* **Material provided**:
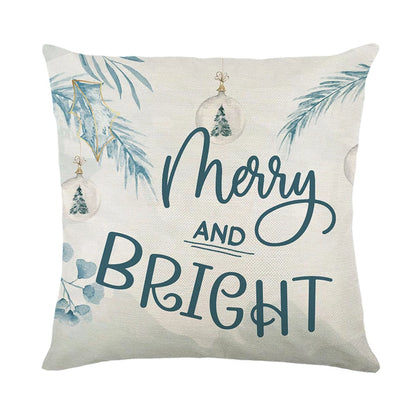 Linen Merry Christmas Pillow Cover - TheWorldOfMYes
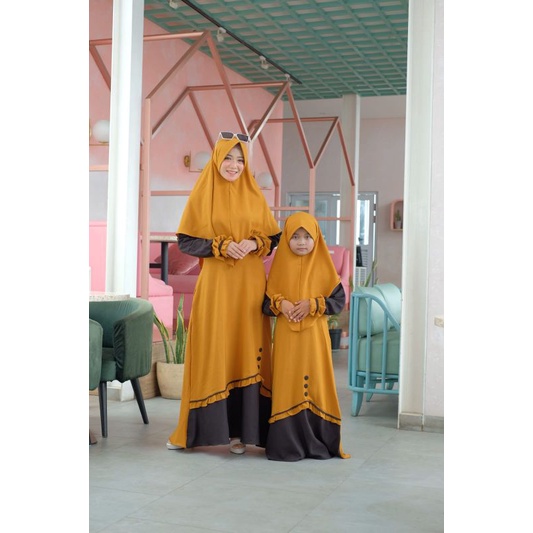 Alika Set Couple Mom n Kids / Gamis Couple Ibu & Anak / Set Hijab Couple / Original Shanglow / Coupl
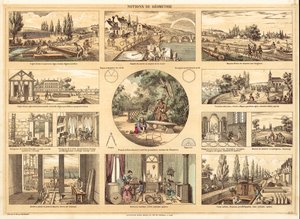 Geometrie (barevná litho) od French School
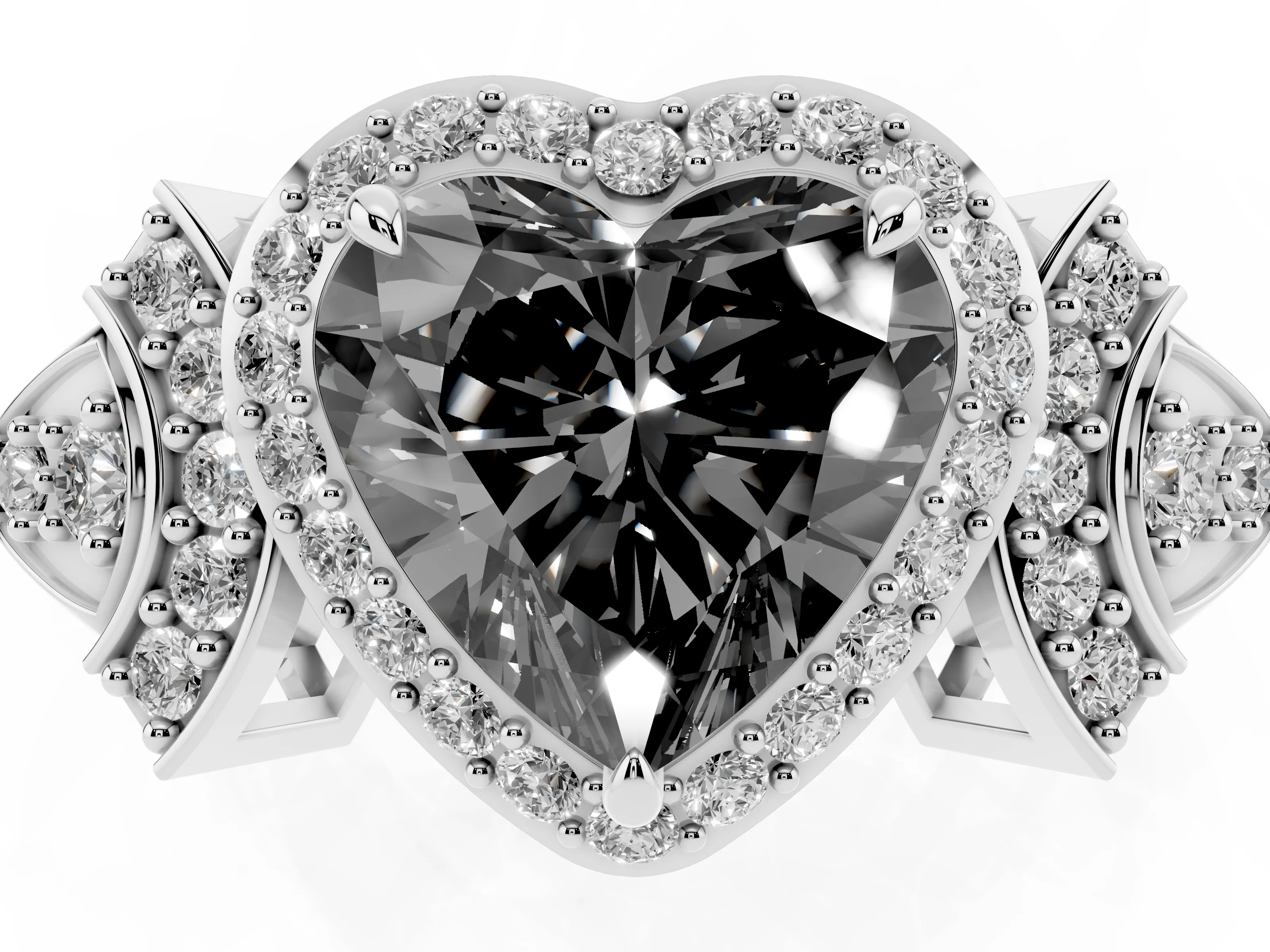 Fancy Black Heart Cut Diamond Halo Engagement Ring Set in White gold with Accent Stone Split Shank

* **Exercise brief**: Output verbatim the lines beginning at the line with "Alika Set Couple" and ending at the last line of the material above, inclusive. Do not carry over any pictures.

* **Task solution**:
 Alika Set Couple Mom n Kids / Gamis Couple Ibu & Anak / Set Hijab Couple / Original Shanglow / Coupl
 Geometrie (barevná litho) od French School
 Fancy Black Heart Cut Diamond Halo Engagement Ring Set in White gold with Accent Stone Split Shank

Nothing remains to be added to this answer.